Raoua Tlili

Personal information
- Native name: روعة التليلي
- Born: Raoua Tlili October 5, 1989 (age 36)
- Years active: 2006–2015 (Track and field F40) 2015–present (Track and field F41)
- Height: 1.33 m (4 ft 4 in)
- Weight: 51 kg (112 lb)

Sport
- Disability class: F41
- Club: Tunisian Federation of Sports for the Disabled, Gafsa, TUN
- Coached by: Mohamed Yahia

Medal record
Women's para athletics
Representing Tunisia
Paralympic Games
| Gold medal – first place | 2012 London | Shot put F40 |
| Gold medal – first place | 2016 Rio de Janeiro | Shot put F41 |
| Gold medal – first place | 2016 Rio de Janeiro | Discus throw F41 |
| Gold medal – first place | 2020 Tokyo | Shot put F41 |
| Gold medal – first place | 2020 Tokyo | Discus throw F41 |
| Gold medal – first place | 2024 Paris | Shot put F41 |
| Gold medal – first place | 2024 Paris | Discus throw F41 |
| Silver medal – second place | 2008 Beijing | Discus throw F40 |
| Silver medal – second place | 2008 Beijing | Shot put F40 |
| Silver medal – second place | 2012 London | Discus throw F40 |
World Championships
| Gold medal – first place | 2011 Christchurch | Shot put F40 |
| Gold medal – first place | 2013 Lyon | Discus throw F41 |
| Gold medal – first place | 2015 Doha | Discus throw F41 |
| Gold medal – first place | 2015 Doha | Shot put F41 |
| Gold medal – first place | 2017 London | Discus throw F41 |
| Gold medal – first place | 2017 London | Shot put F41 |
| Gold medal – first place | 2019 Dubai | Discus throw F41 |
| Gold medal – first place | 2023 Paris | Shot put F41 |
| Gold medal – first place | 2023 Paris | Discus throw F41 |
| Gold medal – first place | 2024 Kobe | Shot put F41 |
| Gold medal – first place | 2025 New Delhi | Discus throw F41 |
| Silver medal – second place | 2011 Christchurch | Discus throw F40 |
| Bronze medal – third place | 2006 Assen | Discus throw F40 |
| Bronze medal – third place | 2025 New Delhi | Shot put F41 |

= Raoua Tlili =

Tunisian Paralympic athlete (born 1989)

Raoua Tlili (روعة التليلي; born October 5, 1989) is a Paralympian athlete from Tunisia competing mainly in category F41 shot put and discus events and is a seven time gold medalist at the Paralympics.

==Career==
Tlili made her senior international debut back in 2006, she competed in the 2008 Summer Paralympics in Beijing, China, there she won a gold medal in the women's shot put F40 event throwing a new world record of 8.95 meters and also a silver medal in the women's discus throw F40 event.

Four years later she competed in the 2012 Summer Paralympics in London, UK. She matched her medal tally from Beijing, again winning the gold medal in the F40 shot put in another world record distance of 9.86 meters, she also backed that up with another silver medal in the F40 discus event.

At the 2016 Summer Olympics she managed to win gold medals in both here events, firstly she won in the F41 shot put throwing a distance of 10.19 meters winning by 1.80 meters, then six days later she throw a new world record distance of 33.38 meters to win the F40/F41 discus gold medal.

At the delayed 2020 Summer Paralympics, held in Tokyo, Tlili won gold in both the shot put and discus events.

At the 2024 Summer Paralympics, held in Paris, Tlili won her fifth consecutive gold medal in the shot put, with a throw of 10.40 metres.
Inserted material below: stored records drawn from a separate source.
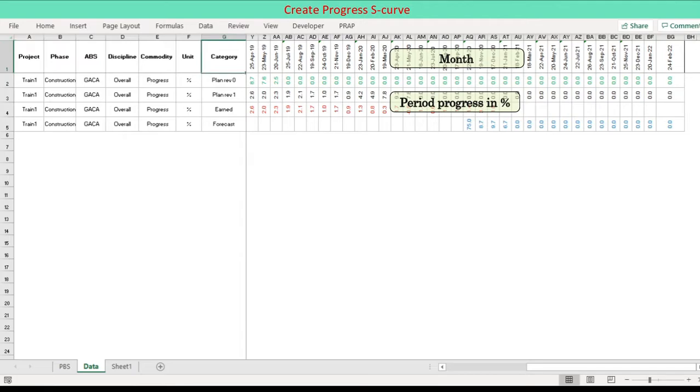By now, it is assumed that progress data is organized in tabular form: Plan, Actual. Maximum 5 rows of data to avoid congestion of the progress curve. Period is on a monthly basis. Data is period data, not cumulative.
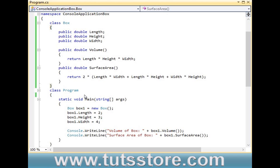This is a simple program where Box is a class with three member variables and two methods. Now I am going to show you how to create a class in Visual Studio 2010.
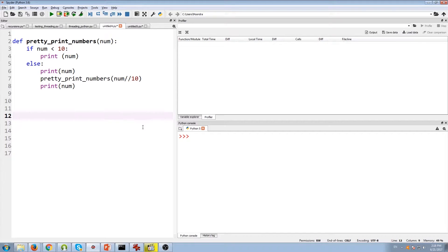What's going on guys? In this video, I will be breaking down this simple recursive function and we'll be seeing exactly what goes on under the hood with each recursive call. So let's dive into this and take a brief look at what this function is actually doing.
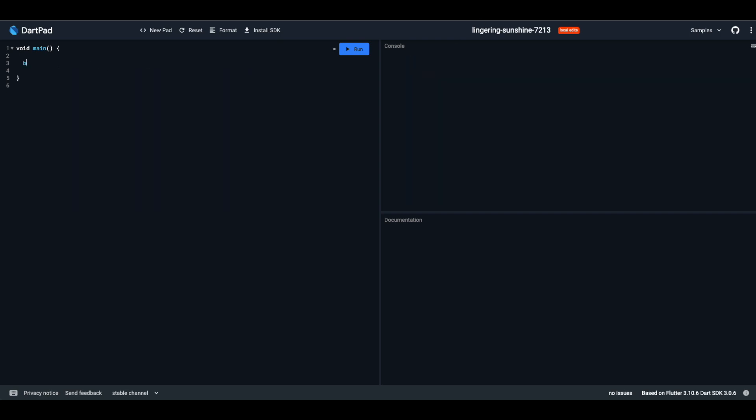Booleans. They are like a light switch, only two states: on or off. In Dart, it's true or false. So if you ever want to check if something is right or wrong, true or false, Booleans are your go-to.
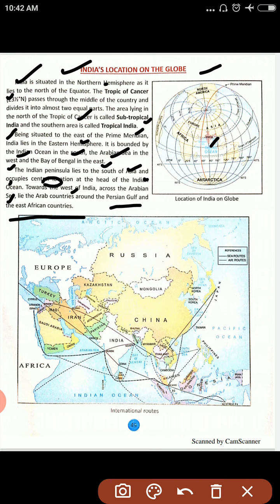The Indian peninsula lies to the south of Asia and occupies a central location at the head of the Indian Ocean. Towards the west of India, across the Arabian Sea, lie the Arab countries around the Persian Gulf and the East African countries.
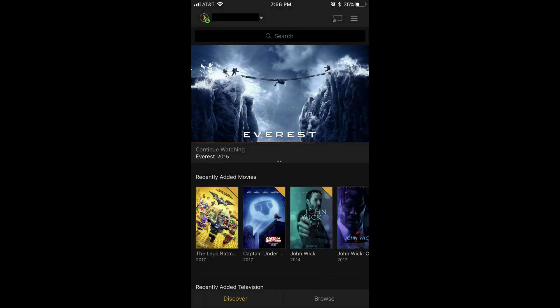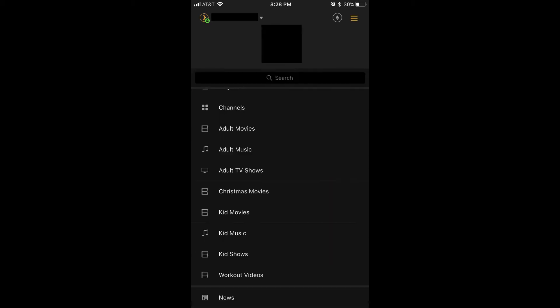Step 1: Launch the Plex app on whatever device you use to watch Plex. Step 2: Log in to your Plex account if prompted. You'll arrive at your Plex home screen. Step 3: Tap the menu icon in the upper right corner of the screen. The menu icon features three horizontal lines. An on-screen menu appears. Scroll down to the bottom of the on-screen menu, where you'll notice a News option.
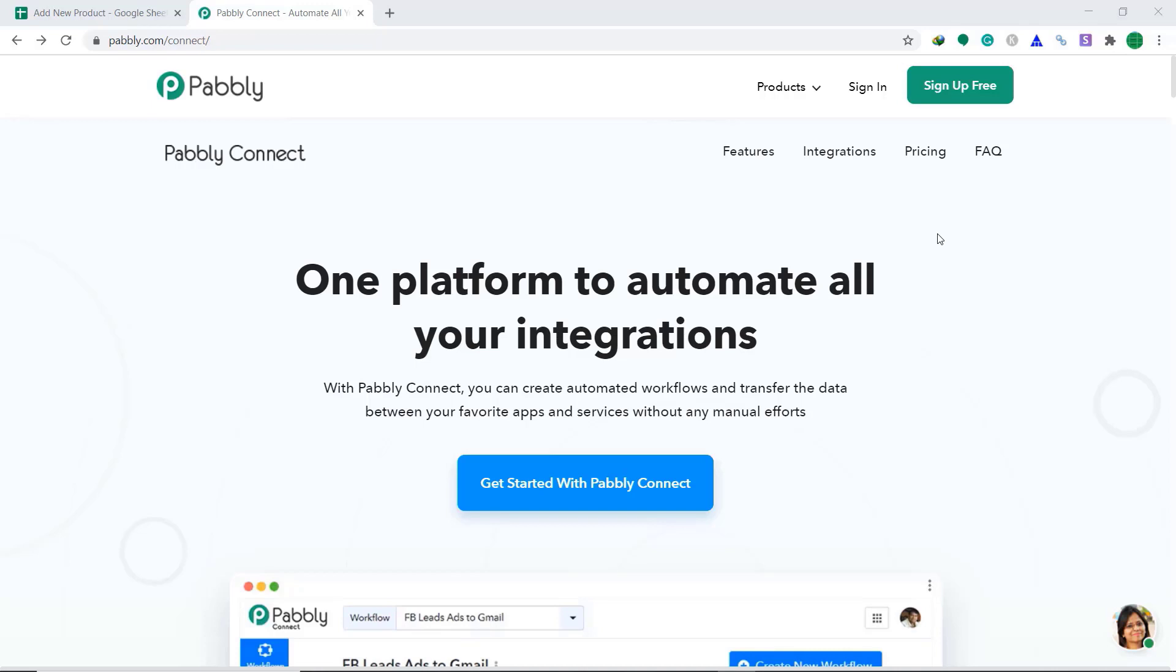Hi, welcome to Pabbly Connect Workshop. In this video, we are going to integrate Google Sheets to Shopify. So basically, we are going to create a product in Shopify directly from Google Sheets row. This means that you don't have to manually add a product in Shopify from the data in Google Sheets.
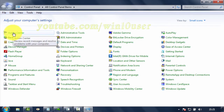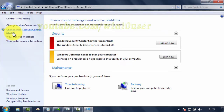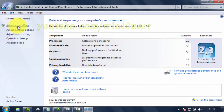Click Action Center. View Performance Information. Click Adjust Visual Effects.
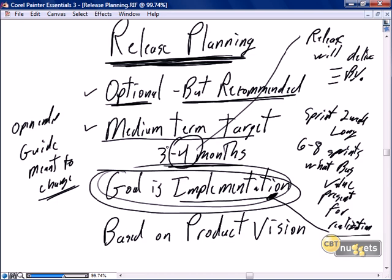As we get into sprint planning and realize halfway through that some work is more complex than anticipated, we may not achieve all of that business value. We can then choose to move our release out to maybe five months, or — recognizing that we want to keep some degree of predictability — we'll keep with our four-month release and scale back, removing some of the expected business value functionality from that release.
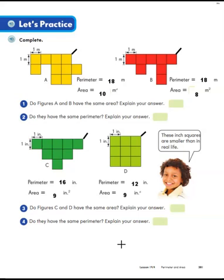Just remember: it's possible to have the same perimeter and different areas, or different perimeters and the same area. You're going to do a lot with area and perimeter in fourth grade. I hope you enjoyed learning about perimeter today and reviewing area, and seeing how perimeter and area go hand in hand. That's it for our lesson today — see you next time. Bye guys.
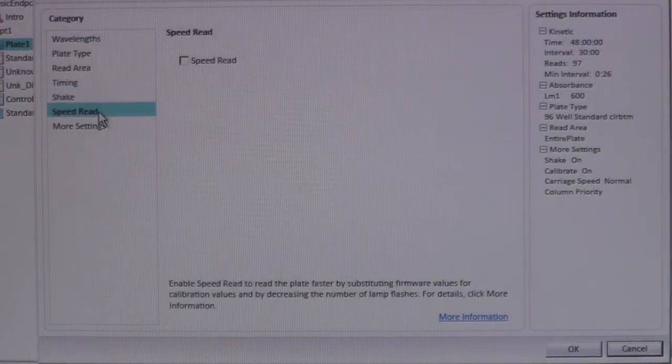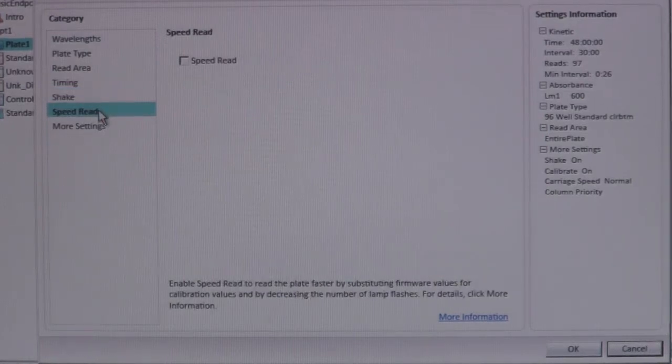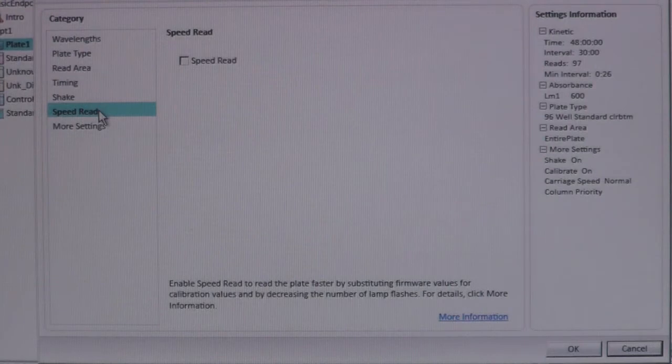Speed mode provides faster well reading, but can result in less accurate results. It should be used when shorter read intervals are applied.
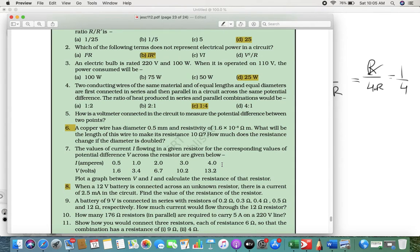The next question asks how a voltmeter is connected. A voltmeter is always connected in parallel. So the answer is that a voltmeter is always connected in parallel.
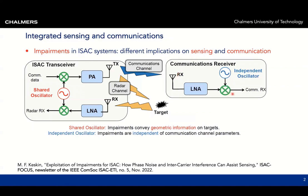The communication receiver, on the other hand, has an independent oscillator. It is well known that due to this independent oscillator, the phase noise at the communication receiver does not convey any information about the communication channel. However, because of the shared oscillator at the ISAC transceiver, the phase noise does tell you something about the geometry of the target.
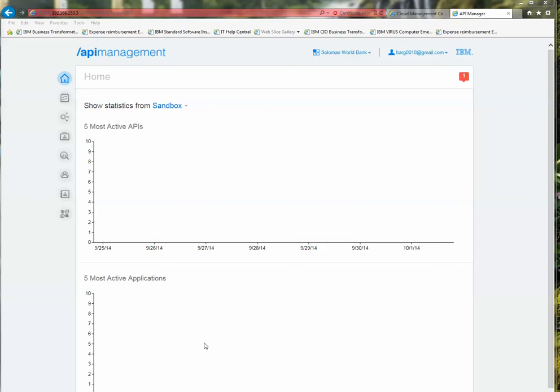Welcome back. This is Solomon here again for part two of our API management end-to-end solution demo. This is going to be multiple videos. As I mentioned in part one, I walked through the API management pieces and portals — the cloud management console and the API management portal where you define an API. We'll get to that in part three, where I'll cover the portal that lets you define applications.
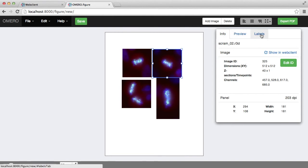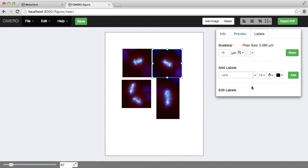And then the panel to the right is where I can add scale bars and labels.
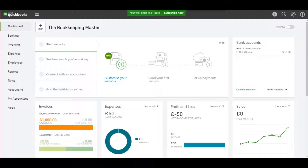This is the first video in a very short series that will go through how to do a bank reconciliation on QuickBooks Online. Before continuing, if you don't know what a bank reconciliation is, I suggest you watch my video about bank reconciliations first, because this series will make a lot more sense if you know what one is. I'll put a link in the description below.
She also won gold in the discus throw, taking her tally to seven Paralympic gold medals.

In between the Summer Olympics her success continued at the IPC Athletics World Championships, with gold medals in the F40/F41 shot put in 2011 and 2015, and in the F40/F41 discus she won gold in 2013 and 2015 with a silver medal in 2011. In 2019, she won the gold medal in the women's shot put F41 event at the 2019 World Para Athletics Championships.

== IPC Records ==
As of October 2016, Tlili is the owner of IPC world records of 33.38 meters in the discus category F41, which is also the Paralympic record, and she is also the Paralympic record holder in the F41 shot put with 10.19, she also holds the IPC Athletics World Championships records in shot put and discus, she set them both at the 2015 IPC Athletics World Championships.